Your Startup is a Series of Cycles

I used to think of a startup as a series of funnels. There’s the customer conversion funnel, the recruiting funnel, the customer success funnel. Funnels simplify metrics. Examine the yield from each stage to gauge success. Start to finish.

I’ve been preparing my session for the NY Enterprise Tech Meetup later this week on the Essential Guide to SaaS Metrics. Thinking through that presentation and reflecting on some recent conversations, I’ve changed my belief. The superior mental model is a cycle.

The funnel stops at an end state. The cycle is a flywheel and builds momentum. That’s the key difference.

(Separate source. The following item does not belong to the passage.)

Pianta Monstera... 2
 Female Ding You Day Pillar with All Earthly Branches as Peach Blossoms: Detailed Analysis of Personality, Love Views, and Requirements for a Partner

Attract a customer, engage them, sell them a contract, onboard them, ensure they achieve their objective. That’s the funnel. But add a step: solicit a testimonial, ask for a referral to a friend, cross-sell another product. The cycle starts again.

Attract a talented candidate, engage them, hire them, onboard them. That’s the end of the people funnel, but not the people cycle. Startups should manage, cultivate, and foster their employees, and this will drive the cycle again with referrals, better employee brand, and greater success with future candidates.

Modern leaders in each of the critical functions of startup teams have been telling me this for a while, describing it in different forms. But it took time to settle in. Measuring the funnel is the first step, but not enough. We have to measure the cycle and the strength of the flywheel.

That’s the lens I’ll be using from now on: cycles not funnels.